The total U.S. health care expenditure was $3.2 trillion in 2015, and is projected to grow to nearly $5.6 trillion by 2025.(1) As our nation’s cost of care rises, both Democrats and Republicans recognize the overwhelming need to control health care expenses while maintaining and improving quality of care. Under the Obama administration, the Department of Health and Human Services (HHS) pledged that by 2018, half of traditional Medicare payments would be based on value-based payment models that incentivize high quality, low cost care as opposed to payments based upon volume.(2)

In theory, a value-based payment scheme that transforms how health care is delivered by rewarding quality improvement, focusing on patient health outcomes, and reducing unnecessary costs, is non-partisan. Yet, the ways in which Republicans and Democrats seek to attain the goal of high quality, low cost care differ.

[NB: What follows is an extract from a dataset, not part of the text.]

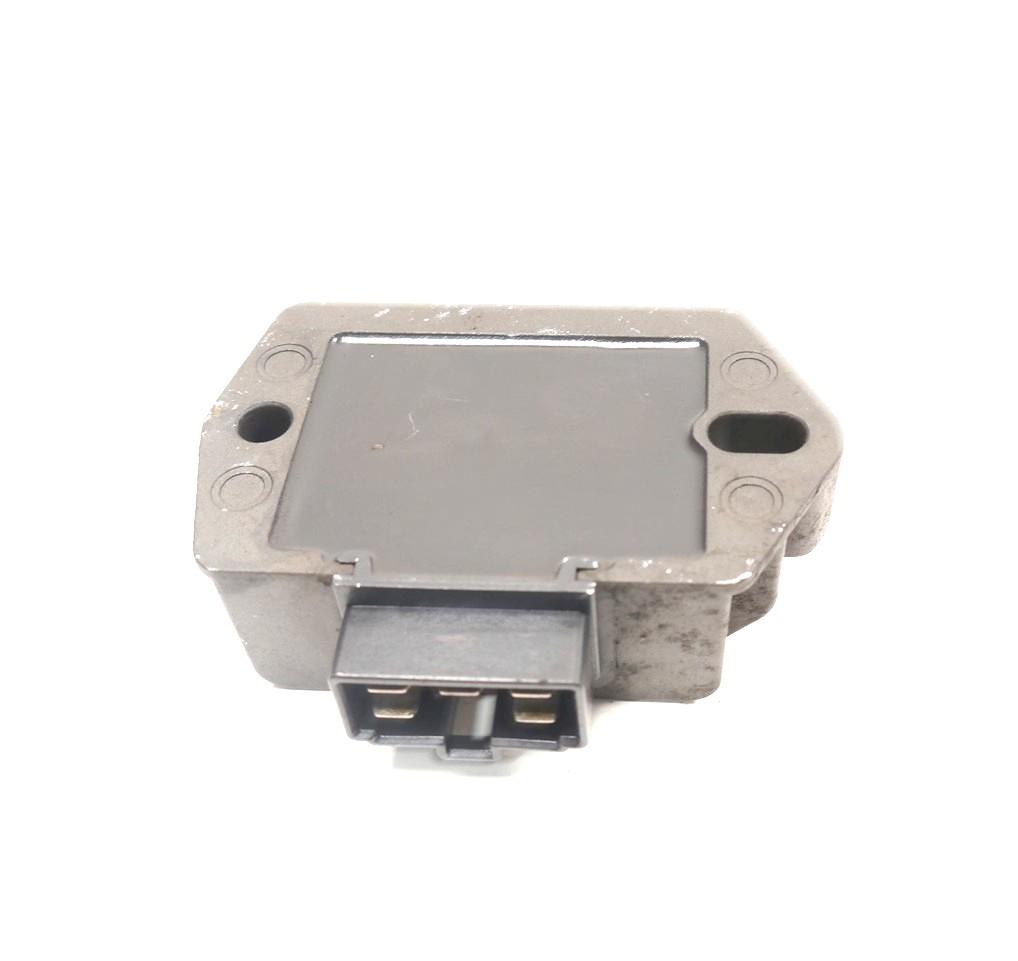 HONDA CB125 F 2015-2019 VOLTAGE REGULATOR RECTIFIER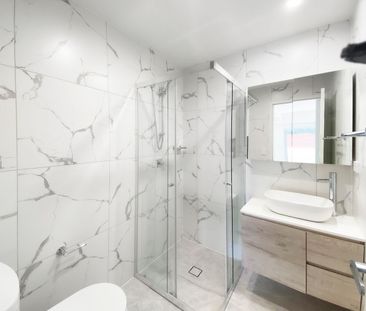 Stunning 3-bedroom, 2-bathroom Apartment - Photo 5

Value-based Reimbursement Under President Obama

Over the last few years, the CMS Innovation Center (CMMI) has been a key component in the implementation of President Obama’s Affordable Care Act (ACA). Created by Section 3021 of the ACA, CMMI’s stated purpose is to innovate and test new payment models that would lower cost and improve quality for individuals who receive Medicare, Medicaid, and Children’s Health Insurance Program (CHIP) benefits. Through Section 3021 of the ACA, Congress provides the Secretary of HHS with the authority to expand innovative payment models through rulemaking, including the ability to test these models on a national basis. Thus, the ACA allowed the Obama administration to test value-based reimbursement models via rulemaking.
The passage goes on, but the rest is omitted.